The fact that God blessed the seventh day, and not the other days, should hint that the seventh day is special. What this means is that time is not homogeneous ---some time is different than other time. What I take this to mean is, there is time for creating and time for remembering that we were created. On the seventh day we remember our relationship with God, that remembrance is a refuge from a fury of sound and distraction. What is more, this remembrance carries us through the rest of the week.

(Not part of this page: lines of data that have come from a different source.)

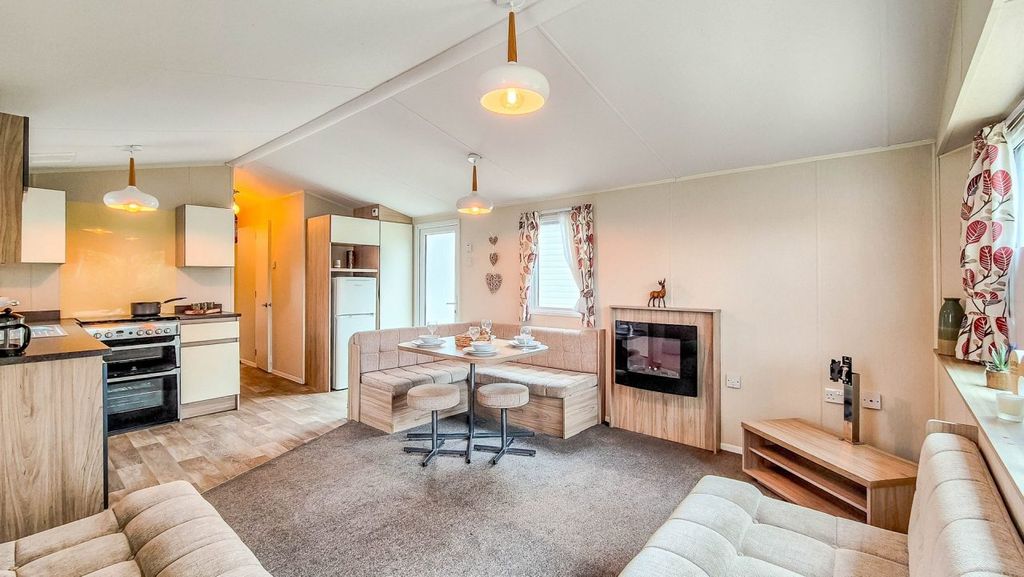 Property photo 1 of 17 Untitled 7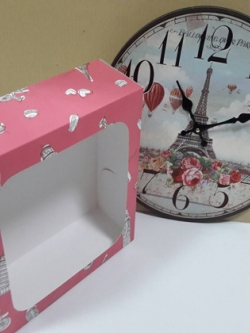 กล่องเค้ก กล่องเค้ก 3 ปอนด์ กล่องเค้ก กล่องขนม กล่องเบเกอรี่ กล่องคัพเค้ก ลายวันเดอร์ฟูลยุโรป 26.5x26.5x10ซม.ราคา 435 บาท (20ใบ/แพ็ค)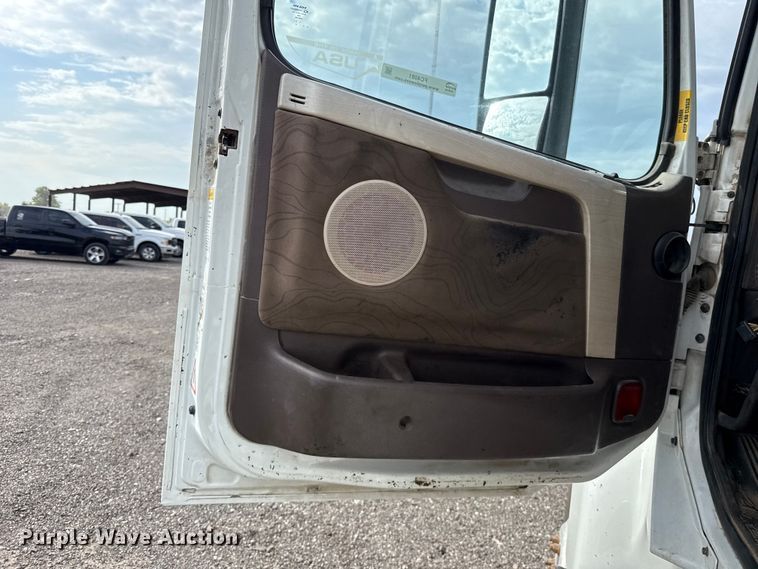 image for item FC4081 2015 Volvo VHD semi truck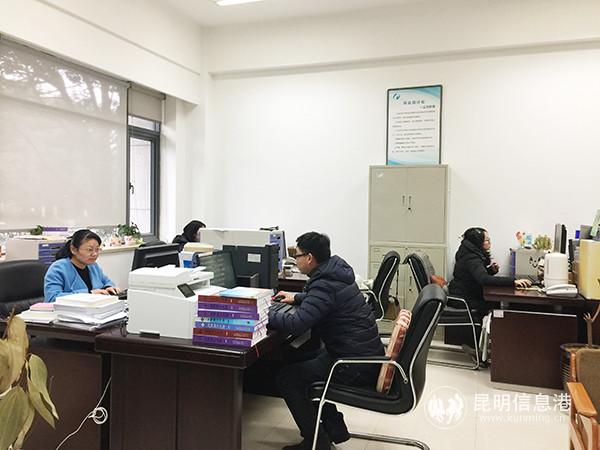 市統(tǒng)計(jì)局工作人員正在辦公。記者孫紅亮攝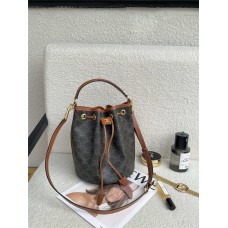Celine CLARA 20X24X20 cm   Model 116882 2025 new 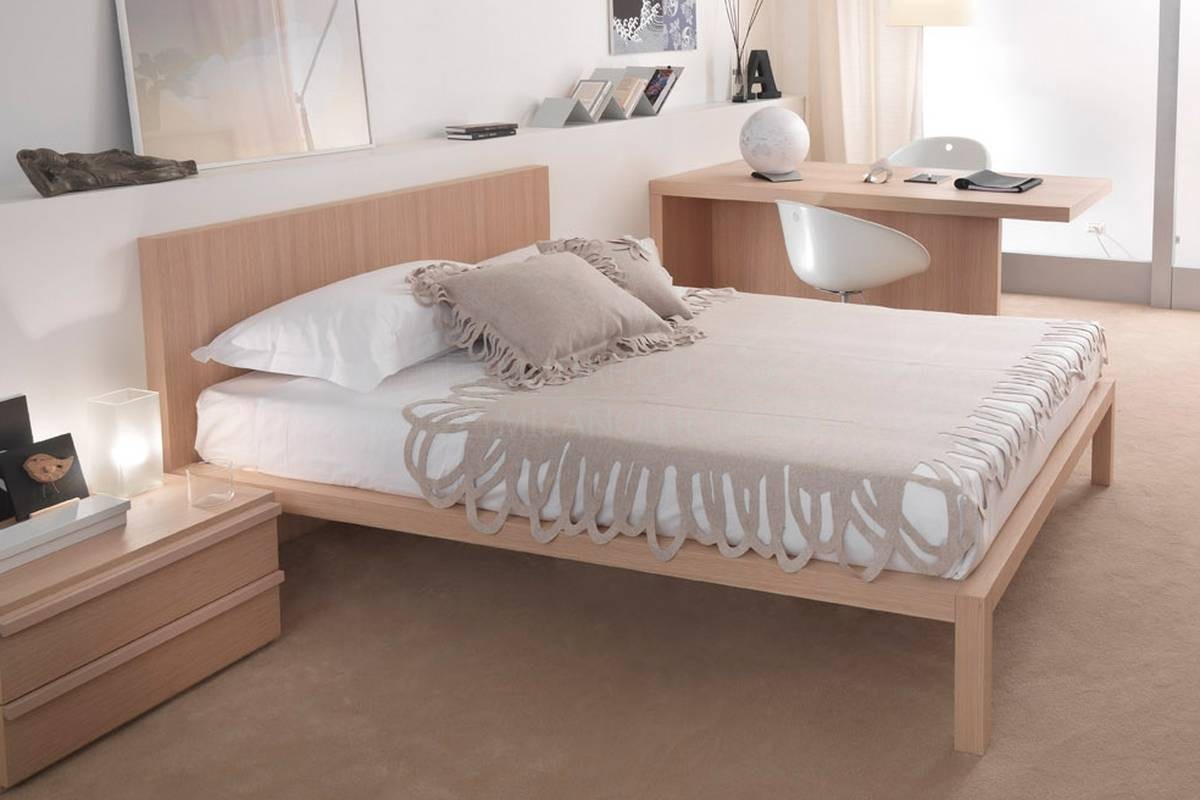 Кровать с деревянным изголовьем Collezione Tom из Италии фабрики DEAR KIDS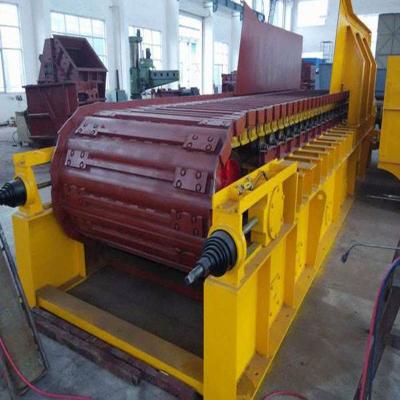 China Mineral Vibrating Medium Plate Feeder 15KW With High Wear Resistant Lining Plate for sale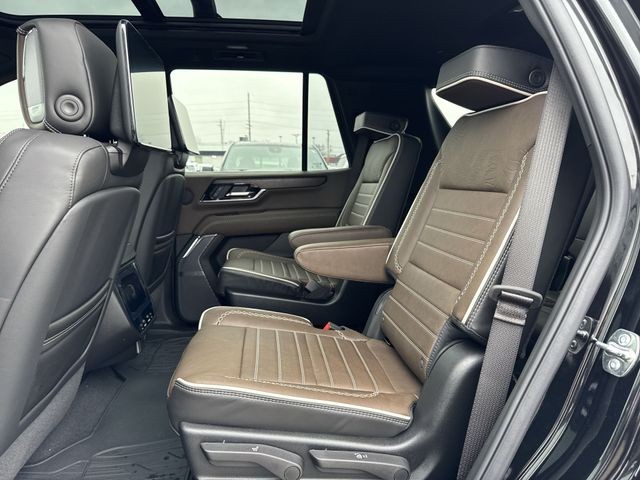 GMC Yukon Vehicle Full-screen Gallery Image 23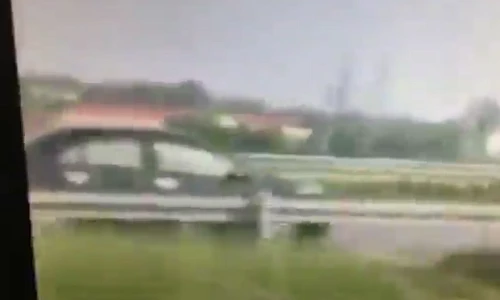 Ô tô phóng ngược chiều 100km/h trên cao tốc Nội Bài - Lào Cai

Heschel regales the reader with stories of Jewish people practicing the Sabbath and embracing the day with vigor and longing. There are many stories that could be presented here, but, I will share only one,
Rabbi Solomon of Radomsk once arrived in a certain town, where, he was told, lived an old woman who had known the famous Rabbi Elimelech. She was too old go out, so he went to see her and asked her to tell him what she knew about the great Master. ---I do not know what went on in his room, because I worked as one of the maids in the kitchen of his house. Only one thing I can tell you. During the week the maids would often quarrel with one another, as is common. But, week after week, on Friday when the Sabbath was about to arrive, the spirit of the kitchen was like the spirit on the eve of the Day of Atonement. Everybody would be overcome with an urge to ask forgiveness of each other. We were all seized by a feeling of affection and inner peace.
This book gave me a passion and appreciation for the Sabbath that I did not have before reading this book. Heschel (below) at one point asks, ". . . is there any institution which holds out greater hope for man's progress than the Sabbath?"

This is a great question. Given the level of pressure and stress, which negatively impacts many people's lives, it would seem we need to learn the discipline of rest. Not merely diversion but a palace in time that anchors our identity as image bearers of God.